Rule 6(b) also applies where substitution is sought after applicable scheduling order deadlines have passed. Miesen, 2022 WL 392931 at *2 (citing Fed.R.Civ.P. 6(b)(1) and Harrison v. United States, 2021 WL 1269119, at *8 (D. Alaska Apr. 6, 2021)). Rule 6(b)(1) provides, in pertinent part, as follows: “When an act may or must be done within a specified time, the court may, for good cause, extend the time ... on motion made after the time has expired if the party failed to act because of excusable neglect.” Fed.R.Civ.P. 6(b)(1); see also, Martinez v. Tarrant, 59 Fed.Appx. 998, 999 (9th Cir. 2003) (affirming district court order denying leave to substitute expert witness because “[p]laintiffs did not demonstrate that the late disclosure was due to excusable neglect”).

PLAINTIFF'S MOTION

Enborg S Arguments

Enborg argues that substitution is justified because Dr. Ostergard is unable to attend trial in this matter and his remote testimony at the recent McBroom trial via video was discombobulated and ineffective due to technical issues and Dr. Ostergard's “serious hearing impairment.” Further, she contends that her counsel “experienced significant difficulty working with Dr. Ostergard” at the McBroom trial. For example, Dr.
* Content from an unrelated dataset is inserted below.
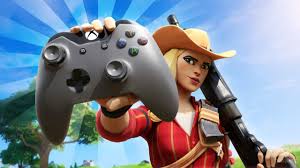 I connected my xbox one controller to my pc and tried to play fortnite with geforce now, but my controller isn't detected! Meet The 1 Ranked Controller Player In Fortnite Chapter 2 Youtube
Ostergard failed to inform counsel of his debilitating tractor accident “until a few short months” before the McBroom trial; gave counsel mixed signals regarding his ability to testify in person; and did not inform counsel that he would be unable to testify in person until “just days before the ... start date.” In short, Enborg contends that she is entitled to an effective witness on specific causation (a key issue in this case) and that Dr. Ostergard is not capable of performing that role, despite his distinguished professional accomplishments.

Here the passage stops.